It is no secret that NBA players live extravagant lives and spend fortunes on mansions and luxury cars. One study found that the average NBA player spends $45,500 per month, or $510,000 per year.
Some NBA players are better financial managers than others. It is also not uncommon to hear stories of NBA players going from millionaires to bankrupt. This problem is primarily the result of a lack of sound financial advice or poor management.
It’s a situation that Boston Celtics star Jayson Tatum is all too familiar with. He made a deal with his mother not to touch his earnings in order to avoid becoming financially illiterate like others before him. Tatum signed a five-year, $195 million contract extension with the Boston Celtics in 2020.
Tatum recently appeared on Graham Bessinger’s podcast to discuss his financial management. He revealed that he made a deal with his mother not to touch his Boston Celtics earnings. He claims he survives on endorsements rather than his salary as a Celtics player.
“We had a deal before I got drafted that I couldn’t spend the money I make from the Celtics, that I have to live off my endorsements,” Tatum told Bessinger. “Her and my accountant agreed. They didn’t know that I’d make as much as I did off the court. So in my mind, I gotta spend that money.”
Speaking on her son’s spending habits, Brandy Cole said Tatum, like any other NBA player, likes nice things like watches, and sometimes she can’t say no. However, she ensures his spending is no way out of budget.
“Jason likes nice things. He likes nice watches. Technically, I can’t say no right?

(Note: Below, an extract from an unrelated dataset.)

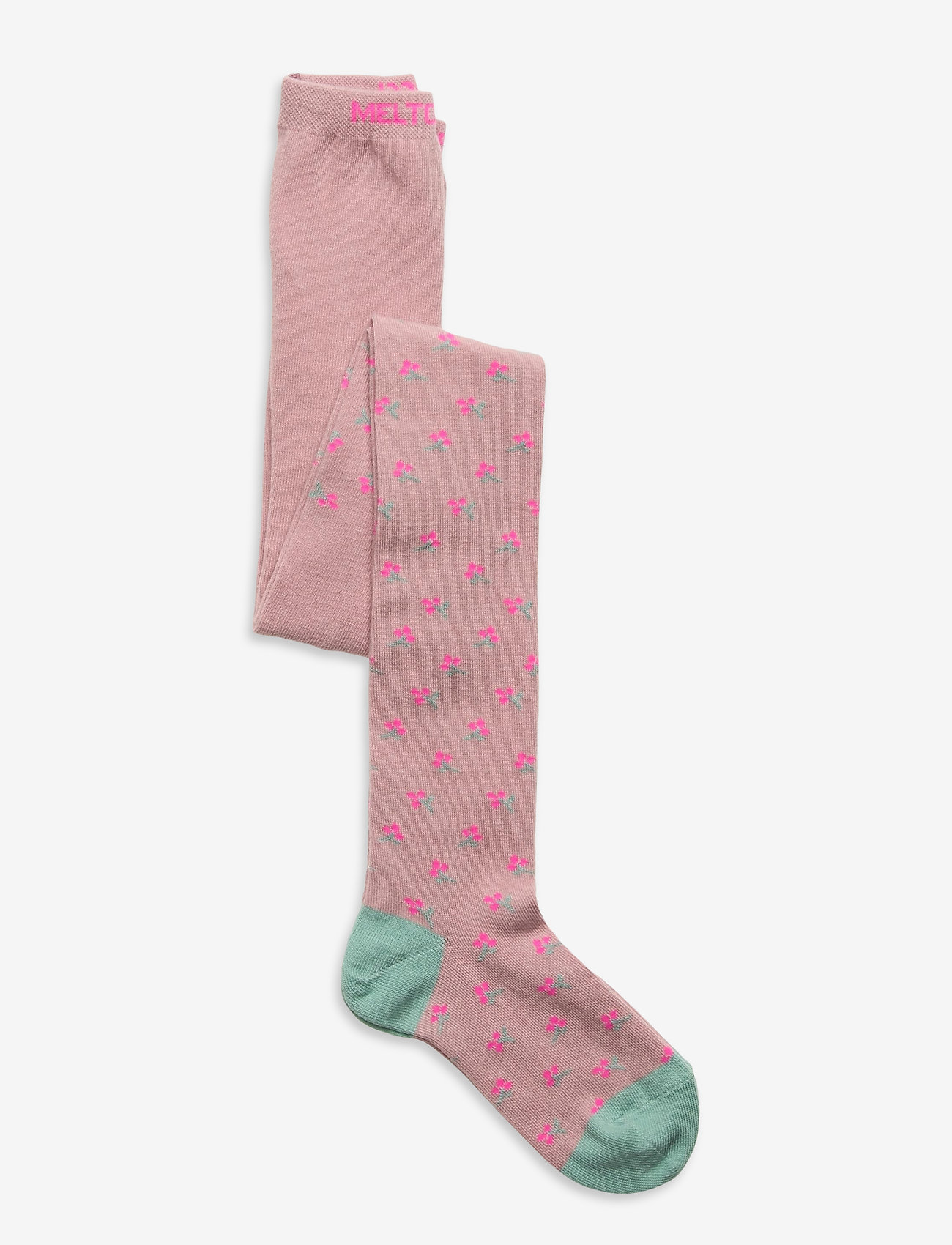 Natalie tights - ROSE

But, I’m the one that processes all the wires and gets receipts and then ensures everything and stuff like that. So he’s always coming.
“I can tell on his face when he walks in my office that there’s about to be a wire. It’s just this expression on his face and I know exactly what it means that I need to send someone some money. He’s already picked something out. When [Jayson] tells me sometime the price, I’m like, What does this watch do? And he’s like, ‘But it’s not the Celtic money.’ And that’s his little running joke,” Cole explained.
Cole’s approach to Tatum’s finances is informed by the fact that she was financially challenged while raising her son. According to her, she never had even $100 to put away as savings.
“So, in some ways, we had to learn a lot. But I think, for the most part, just we’re not that far removed from living check to check and he knows what he never wants to go back to,” she said.